Deploying a React app to Microsoft Azure is simple. Except that... it isn’t. The devil is in the details. If you're looking to deploy a create-react-app — or a similar style front-end JavaScript framework that requires pushState-based routing — to Microsoft Azure, I believe this article will serve you well. We’re going to try to avoid the headaches of client and server side routing reconciliation.

First, a quick story.

Back in 2016, when Donovan Brown, a Senior DevOps Program Manager at Microsoft, had given a "but it works on my machine speech" at Microsoft Connect that year, I was still in my preliminary stages as a web developer. His talk was about micro-services and containers.

[...] Gone are the days when your manager comes running into your office and she is frantic and she has found a bug. And no matter how hard I try, I can't reproduce it and it works perfectly on my machine. She says: fine Donovan, then we are going to ship your machine because that is the only place where it works. But I like my machine, so I'm not going to let her ship it...

I had a similar sort of challenge, but it had to do with routing. I was working on a website with a React front end and ASP.NET Core back end, hosted as two separate projects that were deployed to Microsoft Azure. This meant we could deploy both apps separately and enjoy the benefits that comes with separation of concern. We also know who to git blame if and when something goes wrong. But it had downsides as well, as front-end vs. back-end routing reconciliation was one of those downsides.
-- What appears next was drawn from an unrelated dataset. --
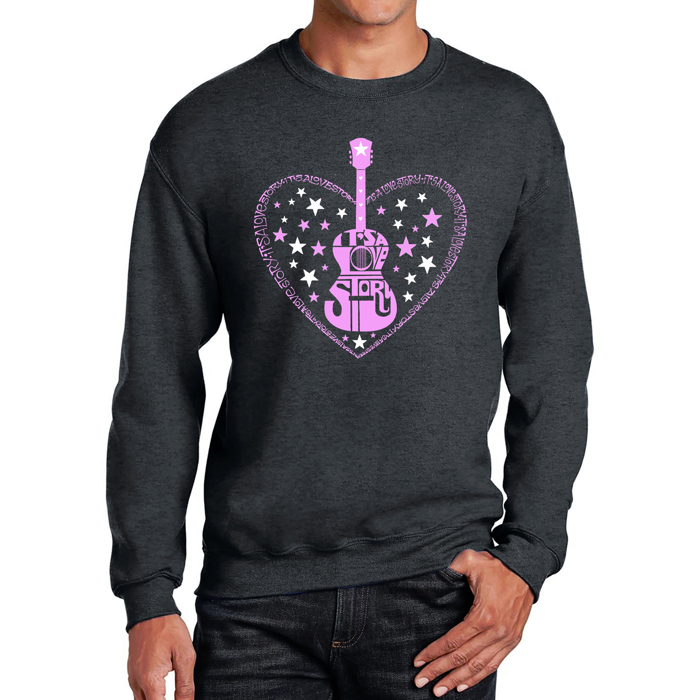 It's A Love Story - Men's Word Art Crewneck Sweatshirt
One day I pushed some new code to our staging servers. I received a message shortly after telling me the website was failing on page refresh. It was throwing a 404 error. At first, I didn’t think it was my responsibility to fix the error. It had to be some server configuration issue. Turns out I was both right and wrong.

I was right to know it was a server configuration issue (though at the time, I didn’t know it had to do with routing). I was wrong to deny it my responsibility. It was only after I went on a web searching rampage that I found a use case for deploying a create-react-app to Azure under the Deployment tab on the official documentation page.

Building React for production

When building a React app for production (assuming we’re are using create-react-app), it’s worth noting the folders that get generated. Running npm run build will generate a build folder where an optimized static version of the application lives. To get the application on a live server, all we need do is feed the server the content of the build folder. If we were working on localhost, there is no live server involved, so it is not always equivalent to having the application on a live server.

Generally, the build folder will have this structure:

→ build
  → static
    → css
      → css files
    → js
      → js files
    → media
      → media files
  → index.html
  → other files...

Client-side routing with React Router

React Router uses the HTML5 pushState history API internally. What pushState does is quite interesting. For example, navigating (or using Link in react router) from the page https://css-tricks.com to the page https://css-tricks.com/archives/ will cause the URL bar to display https://css-tricks.com/archives/ but won't cause the browser to load the page /archives or even check that it exists. Couple this with the component-based model of React, it becomes a thing to change routes while displaying different pages based on those routes — without the all-seeing eye of the server trying to serve a page in its own directory. What happens, then, when we introduce servers by pushing the code to a live server? The docs tell it better:

If you use routers that use the HTML5 pushState history API under the hood (for example, React Router with browserHistory), many static file servers will fail. For example, if you used React Router with a route for /todos/42, the development server will respond to localhost:3000/todos/42 properly, but an Express serving a production build as above will not. This is because when there is a fresh page load for a /todos/42, the server looks for the file build/todos/42 and does not find it. The server needs to be configured to respond to a request to /todos/42 by serving index.html.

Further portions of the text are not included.